In a statement released on 1 April 2011, Médecins Sans Frontières (MSF) cautiously welcomed the declaration. “We support India in standing strong in the face of constant pressure from the EU Commission on data exclusivity,” said Leena Menghaney, Manager of MSF’s Campaign for Access to Essential Medicines in India. “We urge Minister Sharma to stick to this position for this and for future free trade agreements that India will negotiate.”
“This is a welcome statement from Minister Sharma, but it is too early to celebrate, because the EU has not made clear yet that it will stop pushing data exclusivity in the negotiations,” said Michelle Childs, Director of Policy/Advocacy at MSF’s Campaign for Access to Essential Medicines.
- The EU should officially confirm that they will drop their demands for data exclusivity in the EU-India FTA.
Investment Rules: A Fast-Track For Drug Companies To Sue the Indian Government
Europe is also pushing for the trade deal to include provisions that would allow foreign companies to take the Indian government to private arbitration courts over domestic health policies like tobacco warnings & measures to reduce prices of medicines. Companies want what is known as “investor-to-state” dispute mechanisms to help protect their investments. This mechanism gives companies the right to sue the Indian Government if a company’s ‘investment’, which is defined in the trade agreement, is in the company’s view, threatened by an action or policy of the Indian Government. In the investment chapter of the agreement, the definition of investment includes intellectual property, so multinational drug companies will also be able to raise investment disputes with the Indian government over matters related to intellectual property.
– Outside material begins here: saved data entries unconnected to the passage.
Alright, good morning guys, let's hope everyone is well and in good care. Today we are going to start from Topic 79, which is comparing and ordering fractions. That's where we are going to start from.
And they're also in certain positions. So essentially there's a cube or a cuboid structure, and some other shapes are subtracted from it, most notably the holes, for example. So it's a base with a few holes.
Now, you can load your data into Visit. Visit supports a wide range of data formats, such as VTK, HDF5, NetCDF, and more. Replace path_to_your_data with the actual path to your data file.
Here is one illustration of how companies can use such provisions to challenge the health policies of governments on grounds of “intellectual property” infringement: in February 2010, tobacco company Philip Morris used the investor-state dispute mechanism under a Switzerland-Uruguay Bilateral Investment Treaty to file a case against Uruguay’s decision to increase the size of tobacco warning labels on cigarette packets. Philip Morris argues that these measures by governments- increasing the size of health warnings & moves to remove branding from cigarette packets - is "expropriation" of trademarks (its branding) and an abuse of their investment rights.
These disputes typically take place in secret, before private arbitration panels – meaning that the Indian national courts are bypassed - and usually involve claims for millions of dollars in damages. Pharmaceutical companies must be given no additional avenues to bully developing country governments on policies and laws that promote access to medicines. India is already reeling from multiple litigations filed by companies like Novartis and Bayer against health safeguards in India’s patent law. While Indian courts have placed public health and access to medicines as priorities over corporate profits, these principles are unlikely to be applied in private arbitration panels.
The latest:
The European Commission (EC), which is negotiating the trade deal in the name of EU countries, is now asking for a green-light from the European Council of Ministers to move forward with a broader negotiating mandate. This would allow it to push for greater intellectual property protection as a part of the ‘investment chapter’ in the EU-India trade deal.
In April 2011, the European Parliament passed a Resolution expressing its own concerns surrounding investment provisions and called on the EC to ensure there was no harmful impact on access to medicines.
- The EU should remove ‘intellectual property’ from the definition of investment it is pushing as a part of the free trade agreement with India.